■ Exercise data:
###

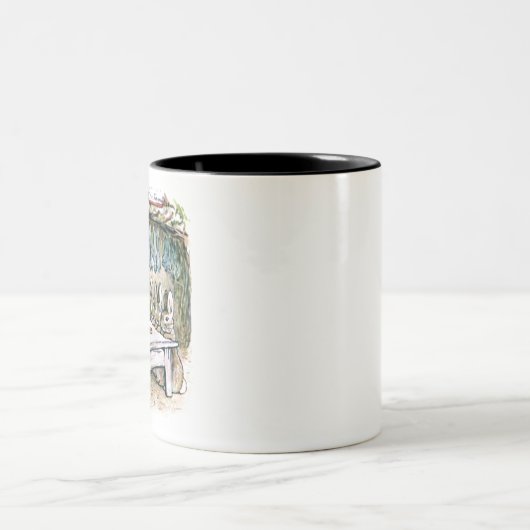 Mevrouw Rabbit, Flopsy Mopsy en Cottontail Tweekleurige Koffiemok (Center)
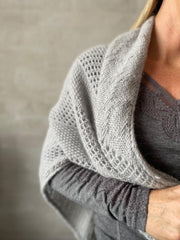 Marehalm shawl closeup, No 1 knitting kit Önling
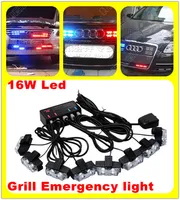 16W(8heads) bright Led police fireman ambualnce car Grill warning lights,emergency light,DRL,strobe flash light,waterproof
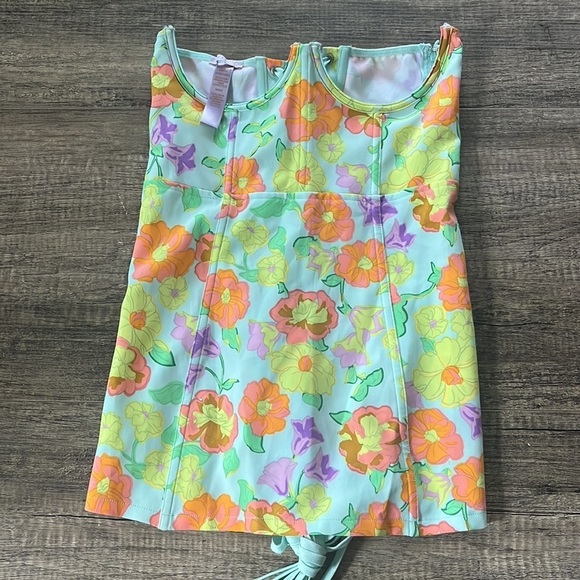 Savage Fenty Free Spirit Floral Cupless Corset Size M - Picture 2 of 10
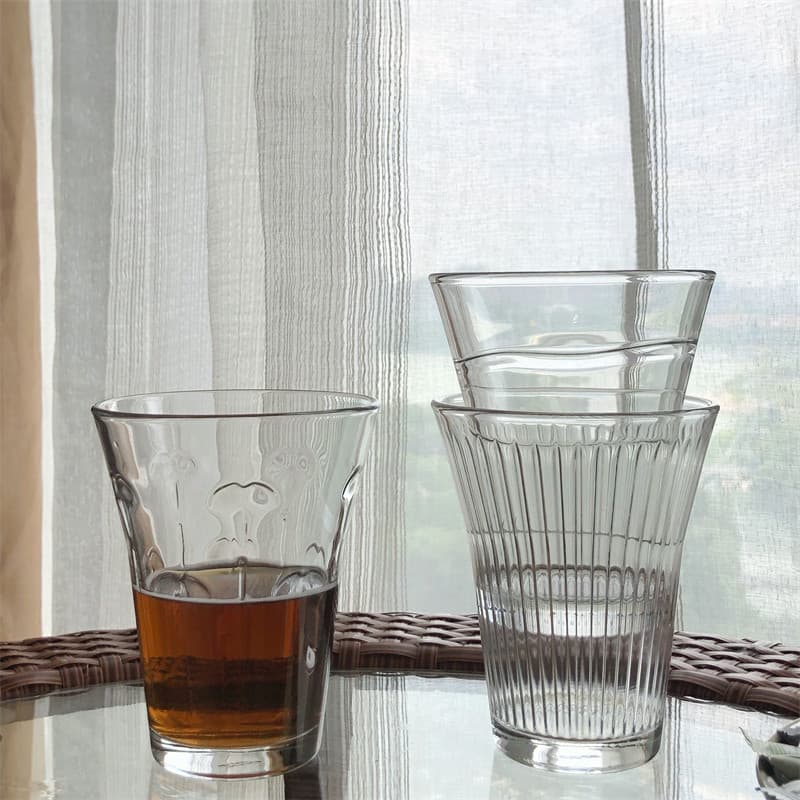 Tailândia importado simples resistente ao calor vidro café Latte copo café da manhã leite suco copo de água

###

■ Instructions for the task:
With the images omitted, repeat all the data word for word.

■ Task answer:
 Mevrouw Rabbit, Flopsy Mopsy en Cottontail Tweekleurige Koffiemok (Center)
 Marehalm shawl closeup, No 1 knitting kit Önling
 16W(8heads) bright Led police fireman ambualnce car Grill warning lights,emergency light,DRL,strobe flash light,waterproof
 Savage Fenty Free Spirit Floral Cupless Corset Size M - Picture 2 of 10
 Tailândia importado simples resistente ao calor vidro café Latte copo café da manhã leite suco copo de água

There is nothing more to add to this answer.